An ESSENCE editor who has decided to pursue a “Christian courtship,” complete with no kissing before marriage, speaks with a couple who inspires her and many others to love God first.
By now, most of us are familiar with Christian courtships, thanks to the Duggars (from TLC’s 19 Kids and Counting) and their unique way of handling romantic relationships—no kissing, no holding hands and no dates without a chaperone, to name a few. Christian courtships are conservative Christian alternatives to dating with specific rules that allow couples to put God first in their relationship from the start. For some the rules might seem quite extreme. I get that. While I completely respected their way of life, at first I didn’t believe this was the lifestyle for me. Little did I know, God would soon change my heart. After months and months of soul searching and growing in my spiritual walk, I made a big decision—my next relationship will be a Christian courtship. A relationship where Jesus Christ is at the center and my future beau and I share a true purpose centered on faith. After my revelation, I searched high and low for other couples that had made the same decision looking for inspiration on my journey.
I found so many beautiful, young couples that aimed to please God first in their romantic relationships. Among them, were newly engaged vloggers Sheretta Noel and Brandon Taylor. Their YouTube series “Worth the Wait” taught me how to better shape my idea of Christian courtship and what it looks like when it’s a success. They allowed God to write their love story and aim to share their love as an inspiration to other women on this journey with me. I sat down with them to talk about how it all began and how far they’ve come together. Read on for inspiration.
How did you two meet?
We met while studying at Cornell University, but it was a very rushed first introduction. Over the next two years, we crossed paths, but exchanged very few words. During Brandon’s last semester of college we started chatting more frequently and soon simple conversations turned into extensive discussions about our belief in God, family life and goals. These in-depth conversations led Brandon to take interest in moving our friendship to the next level and the rest is God's story.
Define what a “Christ-centered relationship” means to you?
A Christ-centered courtship is when a man and woman prayerfully and purposefully seek to determine if marriage is in God’s plan for them. They are rooted in purpose, spiritual growth and a desire to be with whom God has chosen for you. The couple is not “trying each other out” but rather courting their brother/sister in Christ to lead to a godly marriage.

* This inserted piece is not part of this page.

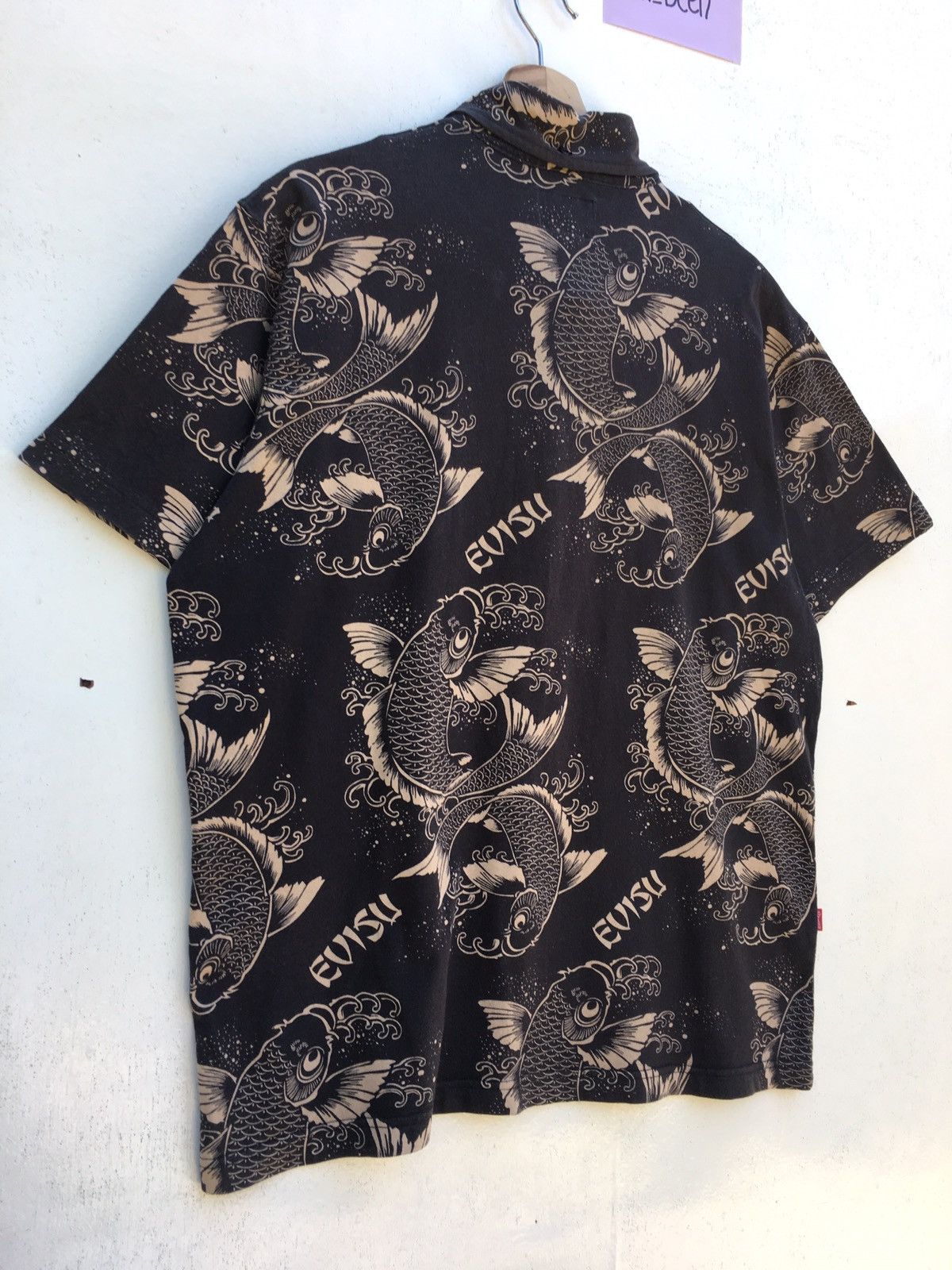 Evisu Vintage Evisu Full Print Koi Fish Buttons Shirt Size US M / EU 48-50 / 2 - 14 Thumbnail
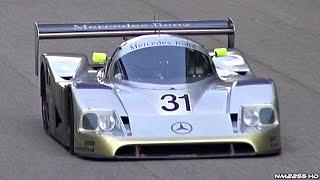 Sauber Mercedes C11 Ex-Michael Schumacher AWESOME Twin-Turbo V8 Sound @ Track!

If the courtship does not lead to marriage, the couple is able to walk away from the relationship without any emotional baggage, having been spiritually edified and respectful of one another as followers of Christ.
Why did you decide that a Christ-centered courtship was your best option?
We believe that God is the author of romance and deeply cares about the matters of the heart. We learned to trust in His desires before our own and understand He knows us best. We have had our share of painful relationship experiences in the past where Christ was not at the center and we were led by selfish desires. It took time, patience and surrender, but God showed us the hole in our hearts could only be filled by Him alone.
What boundaries did you bring into your relationship to help keep it focused on Christ?
From the beginning, we were both committed to saving all sexual activities for marriage. (Including kissing.) In addition, we made a commitment to avoid entertaining certain subjects that may cause us to struggle with sexual thoughts. We made our spirituality our lifeline. We committed to sharing our individual walks with each other. This includes having weekly devotions together and daily prayer amongst other things. Also, we learned how to vocalize our emotions rather than physically expressing them. As our spiritual lives grow the intimacy in our relationship heightens.
How would those interested in learning more about a Christ-based relationship get started?
The first step we recommend is surrendering your love life to Christ. Pray and ask God to take hold of your romantic desires and lead you where He wants you to go. Next, we encourage you to study what the Bible has to say about relationships, marriage, marital roles and intimacy to understand what godly love looks like. This is the blueprint of what a Christ-centered relationship should look like.